§ **Task prompt**
Copy from the first line below down to and including the line with "Towards the extreme". Skip the pictures.

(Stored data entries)
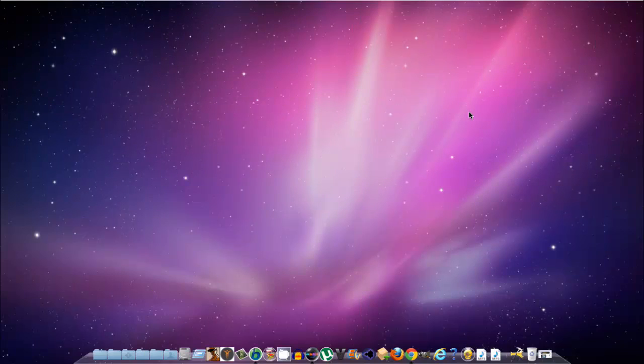Hey YouTube, TadakulPunch here with another GIMP tutorial for you guys. After a long time — around half a year actually — today I'm going to be doing an interesting tutorial for my comeback.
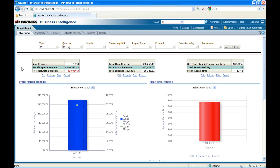Towards the extreme right are summary-level repair efficiency metrics. On-time repair completion ratio is 100%, which is an ideal situation any company would want. In my earlier example, if the service center promised to repair the laptop within a week and actually did so, that qualifies as on-time completion. If the laptop was not repaired on time and got pushed by a couple of weeks, that qualifies as a backlog order. The repair backlog is 57 orders in Q1, and mean time to complete a repair order is about 13.42 days.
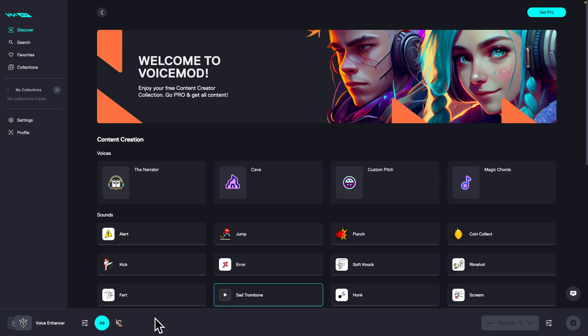Voice mode currently doesn't support in this beta for Mac changing your audio volume when you are hearing yourself. That's unfortunate, but I hope they will add it in the future.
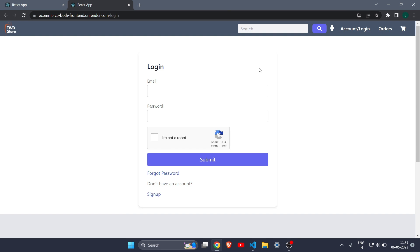Hey everyone, welcome back to the third part of this course in which I will show you how to build and deploy a full e-commerce website in one step. In this third part we will see how to make the account page and also how to make a forgot password page.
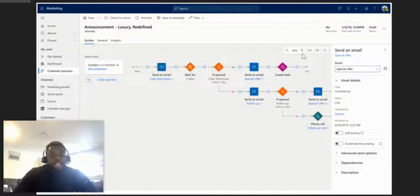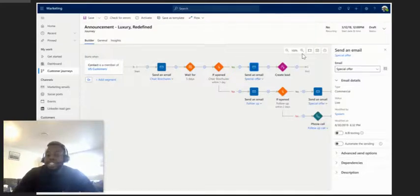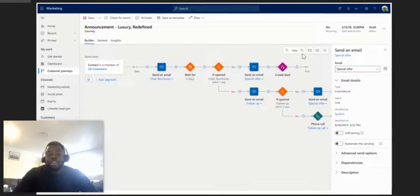They can also be based off certain conditions on any table including custom tables that relate to account, contact, lead and opportunity.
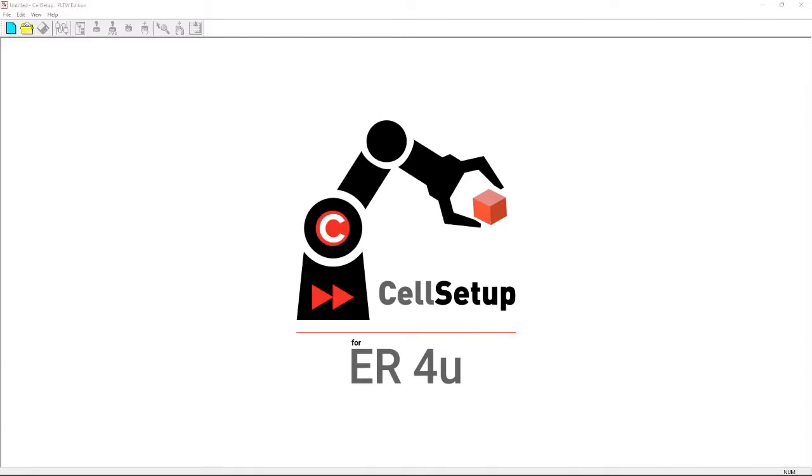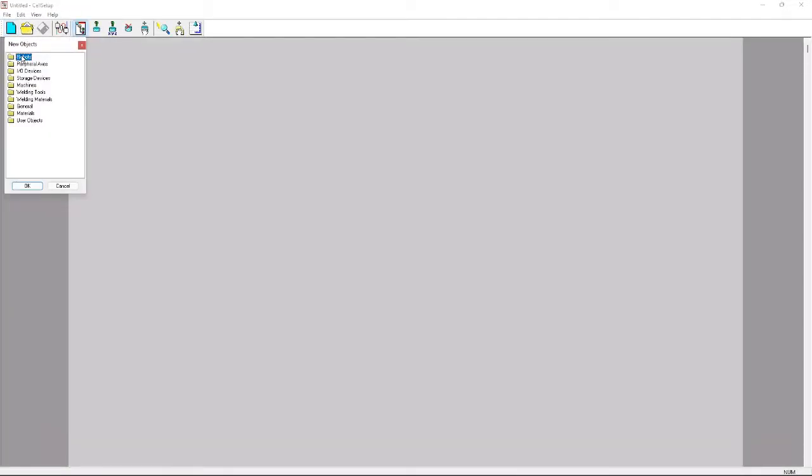Hello everybody and welcome to 3.1.2 D relative positions. What we're gonna do first is we're gonna make a new file. After we make our new file we're gonna make sure we add a table.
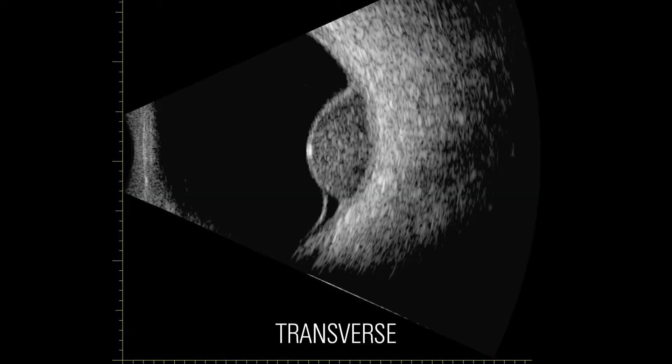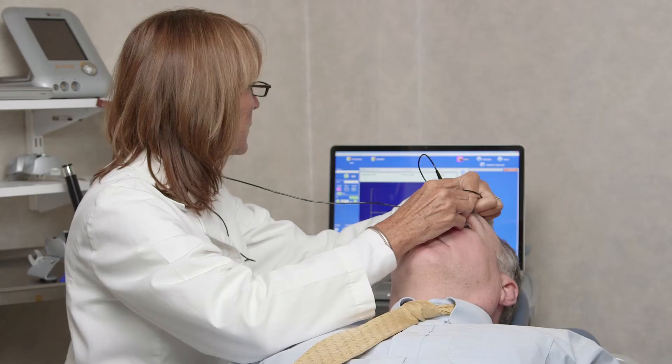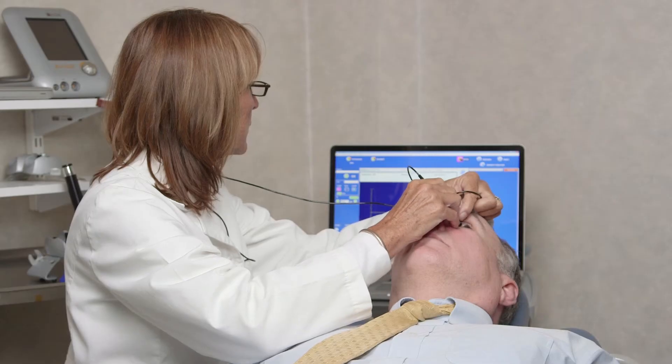By working systematically and performing both transverse and longitudinal scans, we can get an idea, for example, of the size and shape of an intraocular mass.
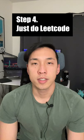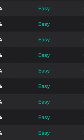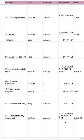Step 4: Just do LeetCode. Time yourself for every problem. Start with easy questions and then move on to medium questions. If you spend more than 15 minutes on a question, just look at the solution, understand it, and move on. Mark down all the questions you've done in a spreadsheet and the ones you got wrong. Repeat the questions you did wrong a couple days later.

§ **Solved exercise**
Hey YouTube, TadakulPunch here with another GIMP tutorial for you guys. After a long time — around half a year actually — today I'm going to be doing an interesting tutorial for my comeback.
Towards the extreme right are summary-level repair efficiency metrics. On-time repair completion ratio is 100%, which is an ideal situation any company would want. In my earlier example, if the service center promised to repair the laptop within a week and actually did so, that qualifies as on-time completion. If the laptop was not repaired on time and got pushed by a couple of weeks, that qualifies as a backlog order. The repair backlog is 57 orders in Q1, and mean time to complete a repair order is about 13.42 days.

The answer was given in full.